On Sun, 14 Jun 2020 at 07:10, Aaron Meurer <[email protected]> wrote:
>
> On Sat, Jun 13, 2020 at 5:50 AM Oscar Benjamin
> <[email protected]> wrote:
> >
> > On Sat, 13 Jun 2020 at 00:22, Aaron Meurer <[email protected]> wrote:
> > >
> > > On Sun, Jun 7, 2020 at 4:08 PM Oscar Benjamin
> > > <[email protected]> wrote:
> > > >
> > > > 3. What are the limitation of the new module? Where is it not 
> > > > implemented?
> > > >
> > > > The new assumptions were made a lot faster last Summer. Their slowness
> > > > was one major limitation before. They are still slow in comparison to
> > > > the old assumptions. The real limitation is the fact that the old
> > > > assumptions are used all across the codebase in both elementary
> > > > evaluations and in more complex routines. A huge amount of code would
> > > > need to be changed in order to make it so that general routines like
> > > > "integrate" use the new assumptions.
> > >
> > > The biggest thing that is missing is the other direction, to make
> > > expr.is_integer check ask(Q.integer(expr)). With the improved
> > > performance, this may now be possible to do, although I suspect more
> > > work is still required to make it so we don't slow down SymPy. For
> > > instance, IMO we need a better model of assumptions evaluation so that
> > > we can do fast checks vs. slow checks. The (new) assumptions do
> > > various levels of checks starting from a simple "is this already
> > > assumed" going all the way to a full SAT solve. But there's no way to
> > > limit how far it tries to go to get an answer. It's either all or
> > > nothing.
> >
> > We can't have `expr.is_integer` call `ask(Q.integer(expr))` without
> > first making the new assumptions free standing. At the moment the new
> > assumptions are propped up by the old and depend heavily on them for
> > their queries.
> >
> > The old assumptions for something like `expr.is_integer` are *already*
> > too slow. This is the main cause of slowness when working with large
> > expressions as you can see if you profile e.g. a slow call to expand:
> > https://github.com/sympy/sympy/pull/19485#issuecomment-639416355
>
> I didn't realize that. Do we know which parts are slow? Is it the
> logic in the core, or are the _eval handlers slow? I have a hard time
> reading the graph on that comment.

The call graph is complicated (too complicated? - note that what you
see is already a pruned graph).
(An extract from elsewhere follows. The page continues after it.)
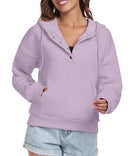 FKEEP WOMEN HOODIES CASUAL BUTTON DOWN SWEATSHIRT DRAWSTRING LONG SLEEVE - S - Brand New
The key points are that:

1. 99% of the time is spent in expand so we're profiling a slow call to expand.
2. 84% of the time is spent in _ask so the bulk of the time taken by
expand is in the old assumptions
3. 83% of the time is spent in
Expr._eval_is_extended_positive_negative so most of the time is spent
checking e.g. expr.is_positive
4. 86% of the time is spent in evalf so is_positive is slow because it
is attempting to evaluate the expression numerically

You can see where that all happens here:
https://github.com/sympy/sympy/blob/master/sympy/core/expr.py#L888-L918

Note that this is on the handlers at the Expr level so it affects any
subclass that does not override these handlers. This means that
assumptions queries on objects with is_number=True (i.e. those that
can in principle be evalf()ed to a complex number) will very often end
up leading to numerical evaluation. The numerical evaluation seems to
be reliable enough in this usage but it can be slow and fails for
really large/small numbers like

    >>> (exp(exp(exp(exp(100*pi))))-1).is_positive
    OverflowError

You can also see that if numerical evaluation fails but the expression
is evalf()able and is algebraic then the handler will try to construct
its minimal polynomial which can be very expensive. It's rare to hit
this code path (expression is algebraic and evalf's to zero) but when
we do it can lead to a substantial slowdown. From memory there is one
test that depends on using the minimal polynomial and it is something
to do with assumptions on an expression involving the golden ratio.
There is also at least one issue about something being very slow and
it's because it also hits this path.

These handlers are depended upon heavily and in particular are used by
things like Add.is_positive which overrides the method but calls it
via super
https://github.com/sympy/sympy/blob/master/sympy/core/add.py#L643
before going on to the next potentially slow function which is _monotonic_sign:
https://github.com/sympy/sympy/blob/f7318dbfef2bf61e5ed8bc55f3e374880ec6ea67/sympy/core/exprtools.py#L29

In the non is_number case (expressions with symbols) the
_monotonic_sign function will often dominate the run time for
expressions with large Adds. The _monotonic sign function does all
kinds of things like attempting to compute the roots of a polynomial:
https://github.com/sympy/sympy/blob/f7318dbfef2bf61e5ed8bc55f3e374880ec6ea67/sympy/core/exprtools.py#L123

The other thing that is potentially slow in the old assumptions is
that in the indeterminate case we often end up evaluating every
handler e.g. if x and y are vanilla symbols with no assumptions then
(x*y).is_positive calls the following handlers:

x.is_positive
x.is_negative
x.is_extended_negative
x.is_extended_positive
x*y.is_positive
x*y.is_finite
y.is_negative
y.is_positive
y.is_extended_positive
y.is_extended_negative
x*y.is_even
x*y.is_integer
x*y.is_odd
x*y.is_imaginary
x*y.is_zero
x*y.is_irrational
x*y.is_complex
x*y.is_negative
x*y.is_extended_negative
x*y.is_composite
x*y.is_extended_real
x*y.is_rational
x*y.is_commutative
x*y.is_hermitian
x*y.is_algebraic
x*y.is_infinite
x*y.is_extended_positive
x*y.is_antihermitian

There is no Mul._eval_is_prime handler but if there was then it would
also be called because prime->positive. This is something that I think
few people really understand which is that adding a handler slows
everything else down because the handler will be called in situations
that you didn't expect e.g. expr.is_imaginary will check expr.is_prime
and conversely expr.is_prime will check expr.is_imaginary. This means
that we need to make every handler simple and fast because it will
potentially be checked as part of unrelated queries during basic
operations like multiplying two expressions.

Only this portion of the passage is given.